Repeat these records exactly, pictures excluded.

::::

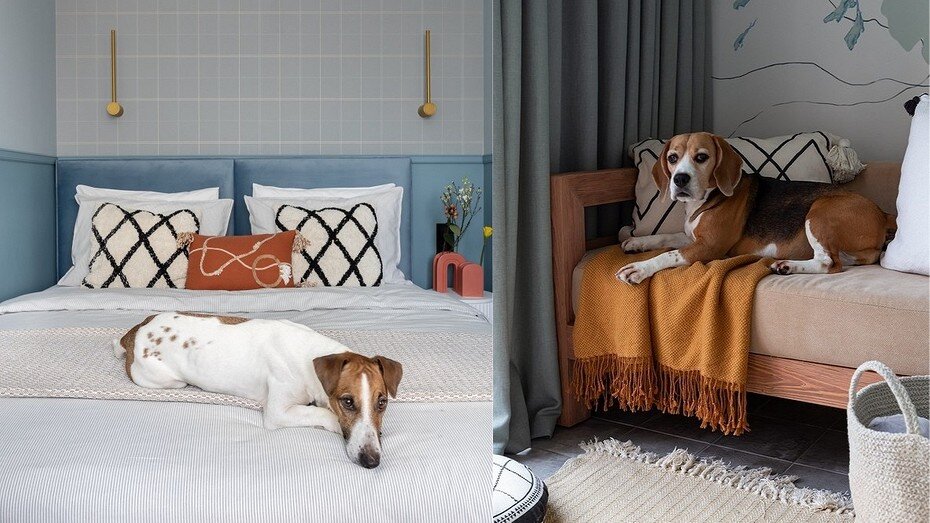 Слева кадр из проекта Марии Тарташник. Справа кадр из проекта Виктории Вишневской и ее собака 
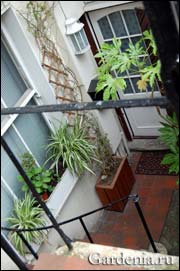 http://gardenia.ru/pages/i/sady0691.jpg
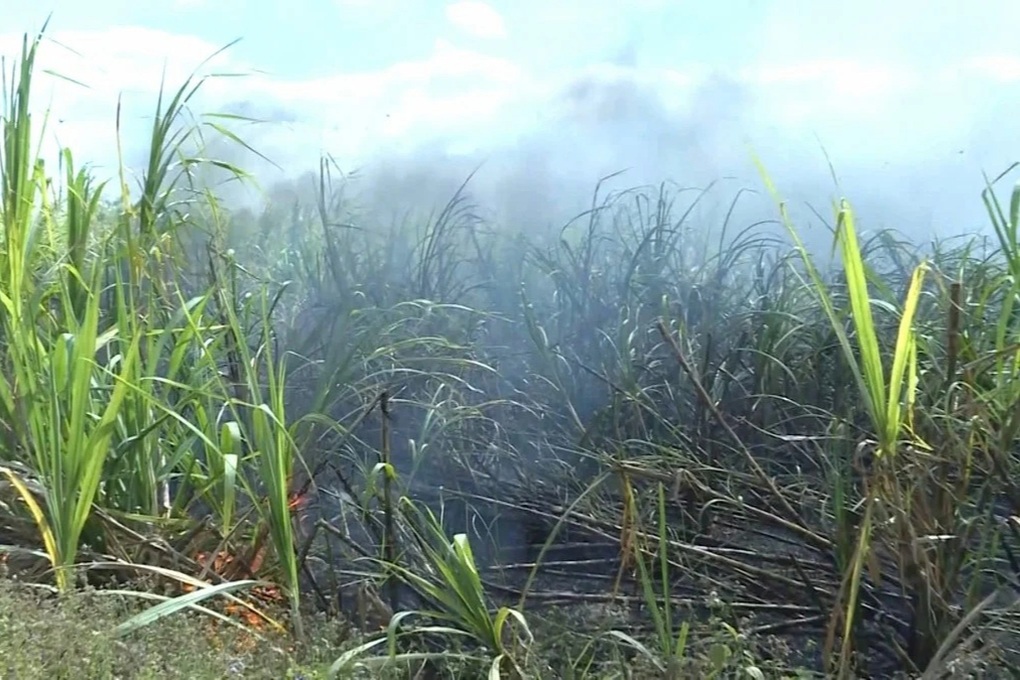 Cháy lớn ngày cuối năm “nuốt chửng” 160ha mía - 1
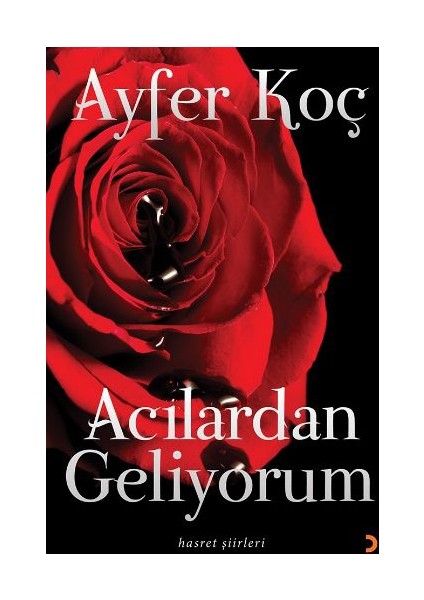 Acılardan Geliyorum: Hasret Şiirleri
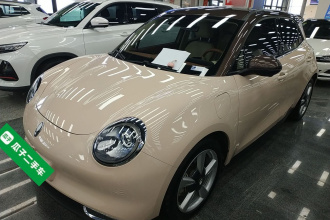 欧拉好猫 2021款 400km标准续航 维纳斯版 磷酸铁锂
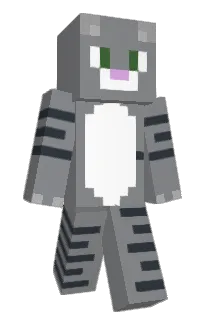 Front of CoolaKit's skin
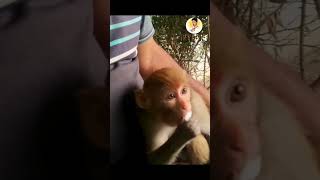 80 हज़ार ke hai 🤣 || Fun moments || #monkeyvideo #voiceover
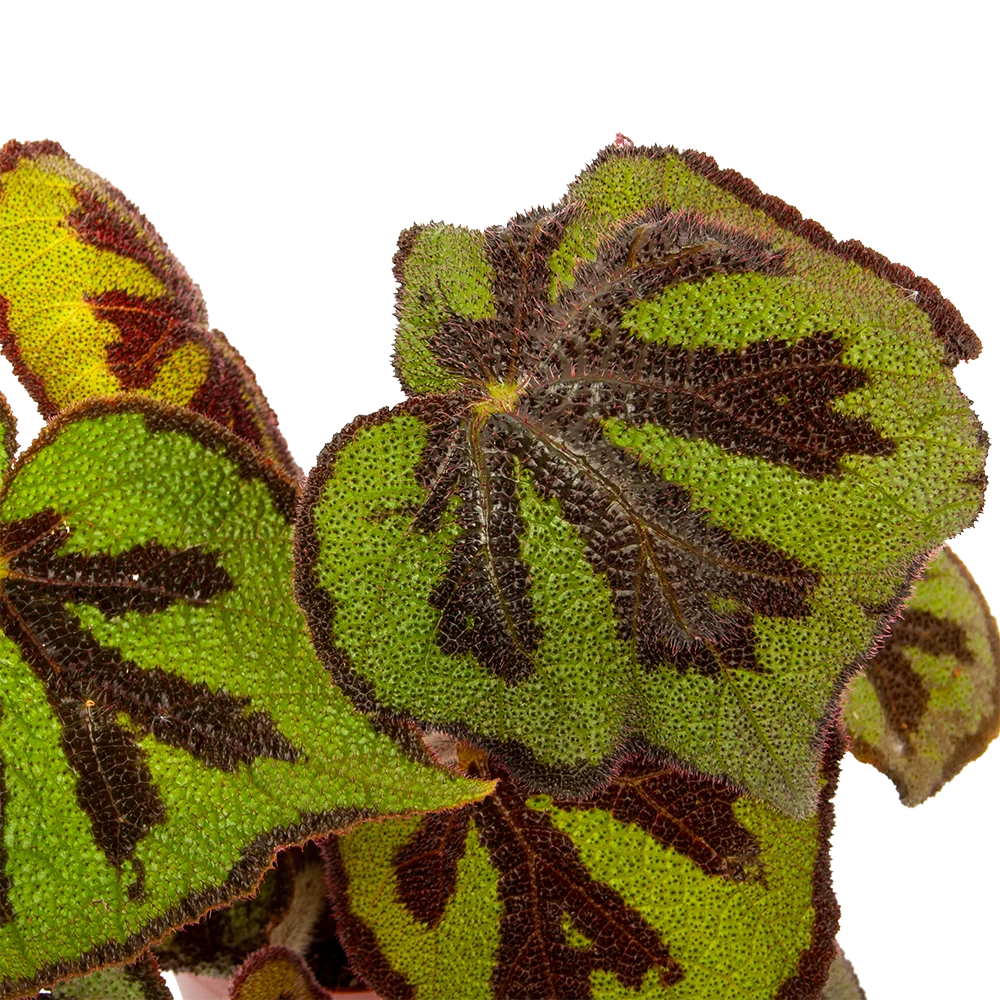 Begonia Masoniana Rock - P15 H30 - Kamerplant 2 Begonia Masoniana Rock - P15 H30 - Kamerplant - Afbeelding 2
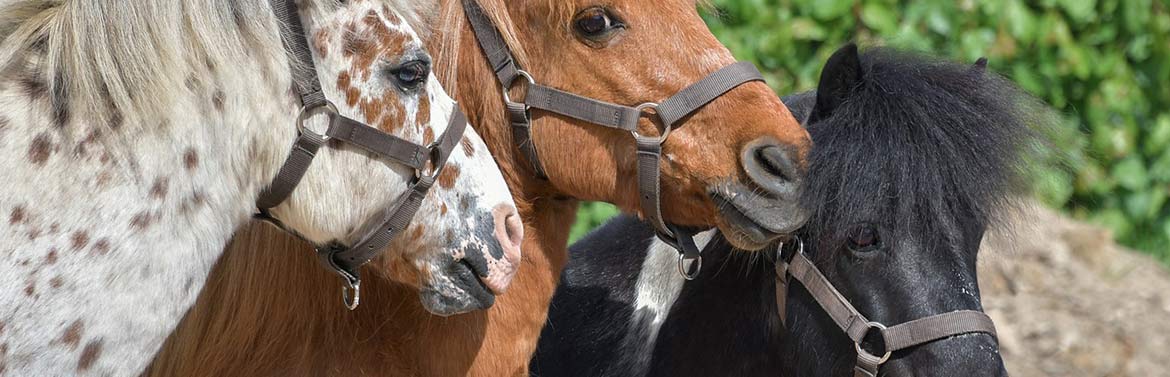 Location de poney en Nouvelle Aquitaine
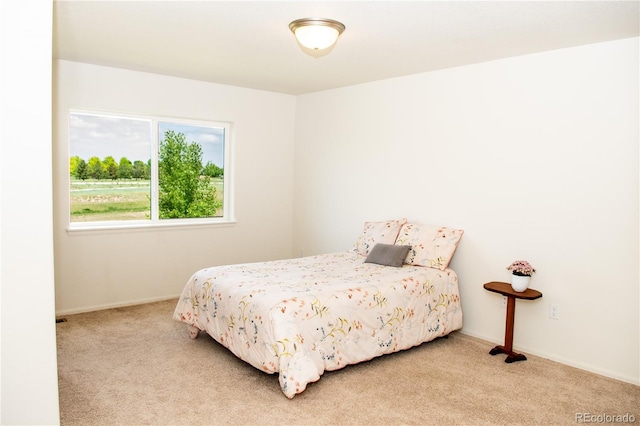 1766 Country Sun Dr, Windsor, CO 80550 - bedroom with carpet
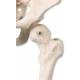 Mini Skeleton on Hanging Stand - 3B Smart Anatomy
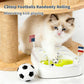 Interactive Cat Football Field Chasing Toy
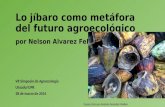 Lo jíbaro como métafora del futuro agroecológico en Puerto Rico, por Nelson Alvarez Febles
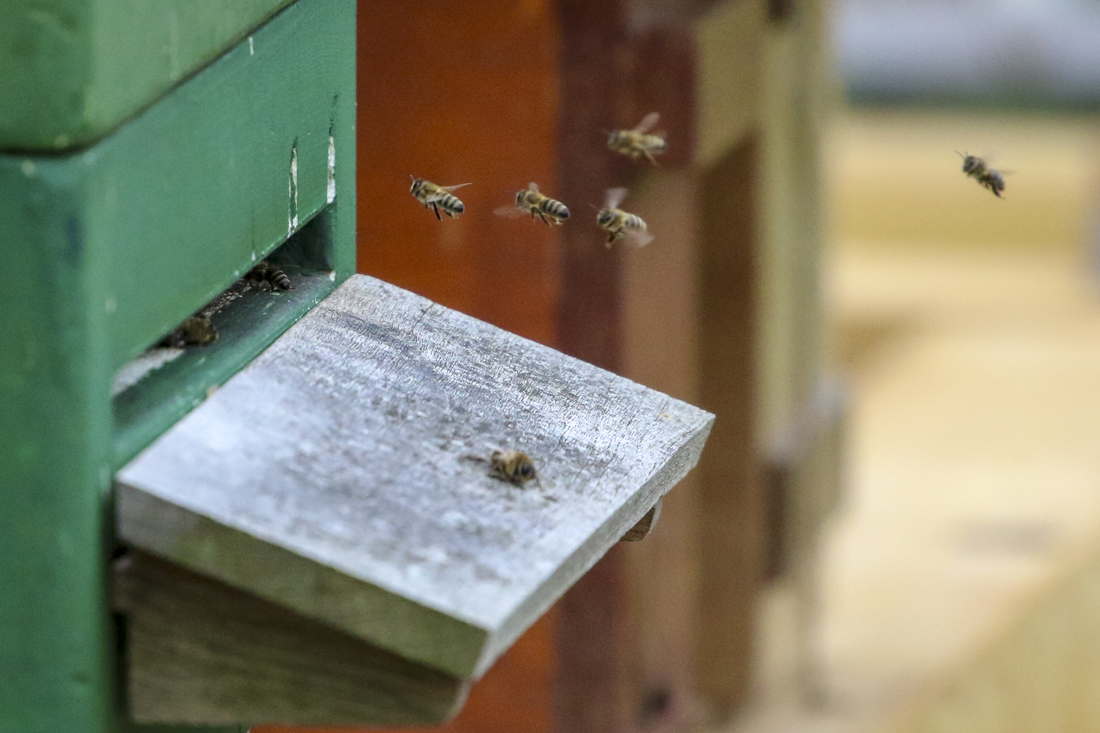 Ein Minicomputer im Bienenstock erfasst die Messdaten zu Temperatur, Luftfeuchtigkeit, Akustik und der Luftströmung am Flugloch.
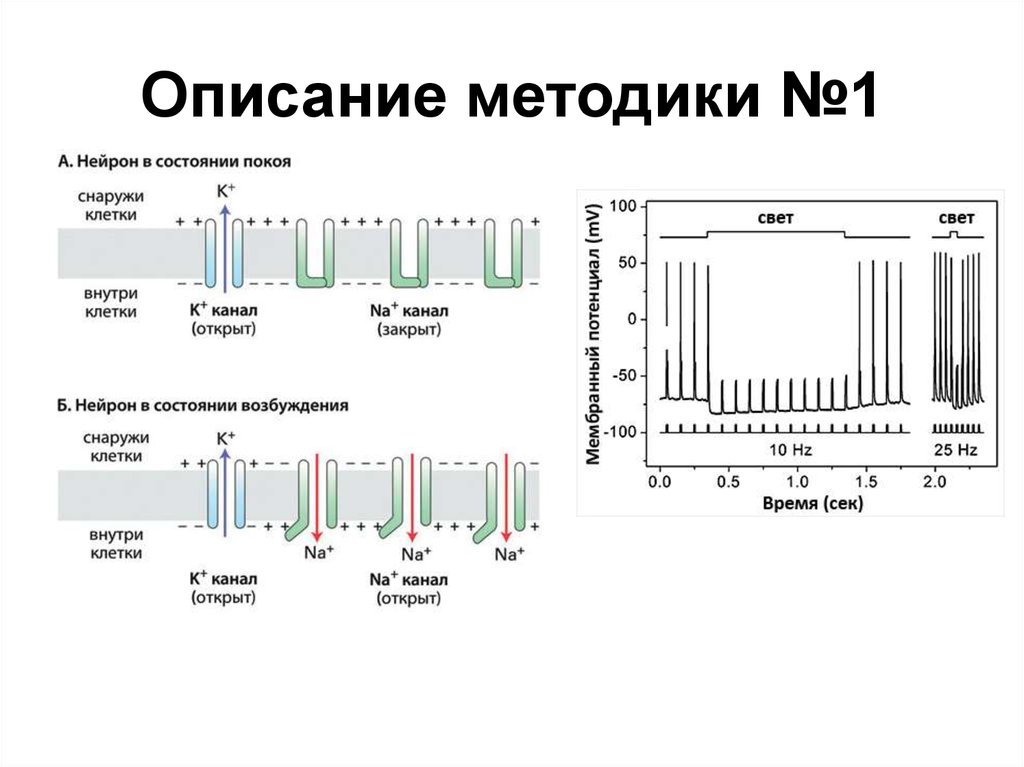 Данная методика описывает. Описание методики.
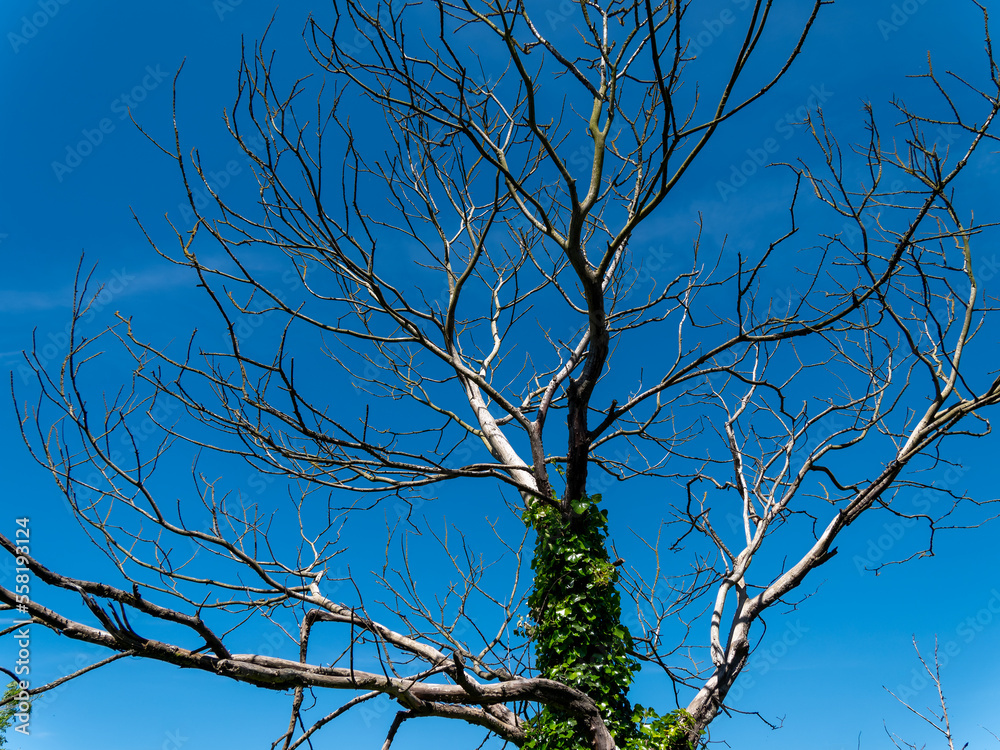 A leafless tree against a blue cloudless sky. Tree branches, ivy on a tree trunk. Bare tree under blue sky A leafless tree against a blue cloudless sky. Tree branches, ivy on a tree trunk. Bare tree under blue sky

::::

§ WRITTEN RESPONSE
 Слева кадр из проекта Марии Тарташник. Справа кадр из проекта Виктории Вишневской и ее собака 
 http://gardenia.ru/pages/i/sady0691.jpg
 Cháy lớn ngày cuối năm “nuốt chửng” 160ha mía - 1
 Acılardan Geliyorum: Hasret Şiirleri
 欧拉好猫 2021款 400km标准续航 维纳斯版 磷酸铁锂
 Front of CoolaKit's skin
 80 हज़ार ke hai 🤣 || Fun moments || #monkeyvideo #voiceover
 Begonia Masoniana Rock - P15 H30 - Kamerplant 2 Begonia Masoniana Rock - P15 H30 - Kamerplant - Afbeelding 2
 Location de poney en Nouvelle Aquitaine
 1766 Country Sun Dr, Windsor, CO 80550 - bedroom with carpet
 Mini Skeleton on Hanging Stand - 3B Smart Anatomy
 Interactive Cat Football Field Chasing Toy
 Lo jíbaro como métafora del futuro agroecológico en Puerto Rico, por Nelson Alvarez Febles
 Ein Minicomputer im Bienenstock erfasst die Messdaten zu Temperatur, Luftfeuchtigkeit, Akustik und der Luftströmung am Flugloch.
 Данная методика описывает. Описание методики.
 A leafless tree against a blue cloudless sky. Tree branches, ivy on a tree trunk. Bare tree under blue sky A leafless tree against a blue cloudless sky. Tree branches, ivy on a tree trunk. Bare tree under blue sky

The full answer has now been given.